Foto: dok binti sholikah
Tim peneliti dari Fakultas Kedokteran Universitas Sebelas Maret (UNS) Solo membuat inovasi mengolah limbah biji salak menjadi produk makanan tambahan bagi penderita anemia usia remaja, yang diberi nama Jebisakor. Produk tersebut dipamerkan dalam pameran produk siap komersial di halaman gedung LPPM UNS, Jumat (19/3).
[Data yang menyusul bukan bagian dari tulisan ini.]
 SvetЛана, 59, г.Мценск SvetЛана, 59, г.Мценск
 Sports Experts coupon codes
REPUBLIKA.CO.ID, SOLO--Tim peneliti dari Fakultas Kedokteran Universitas Sebelas Maret (UNS) Solo membuat inovasi mengolah limbah biji salak menjadi produk makanan tambahan bagi penderita anemia usia remaja. Produk yang diberi nama Jebisakor tersebut telah diuji coba bagi siswa-siswa SMA di Kabupaten Banyuwangi, Jawa Timur.
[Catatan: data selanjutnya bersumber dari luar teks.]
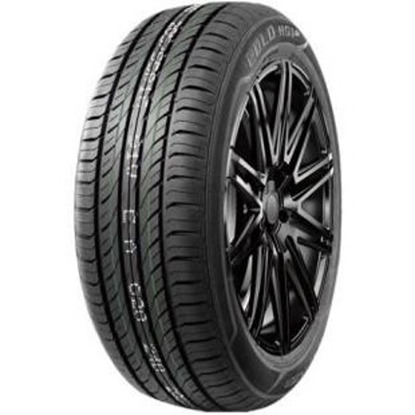 Foto pneumatico: FRONWAY, ECOGREEN 66 185/65 R14 86H Estive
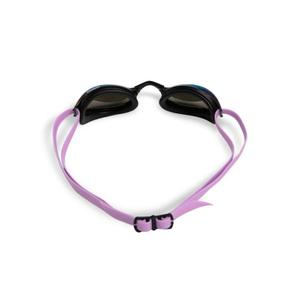 product/a/r/arena_1e763-111_violet-black-violet-sw3_3.jpg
Jebisakor merupakan produk kombinasi dari biji salak, daun kelor, sari buah jeruk dan jeli. Limbah biji salak diperoleh dari industri olahan daging salak pondoh di Kecamatan Turi, Kabupaten Sleman, DIY. Daun kelor diambil dari Probolinggo, sedangkan jeruk berasal dari Banyuwangi.

Penelitian tersebut dilakukan oleh dosen FK UNS Dono Indarto, serta dua mahasiswa program pascasarjana UNS yakni Martha Arum Nugraheni, dan Poppy Wijayanti. Produk Jebisakor dipamerkan dalam pameran produk siap komersial di halaman gedung LPPM UNS, Jumat (19/3).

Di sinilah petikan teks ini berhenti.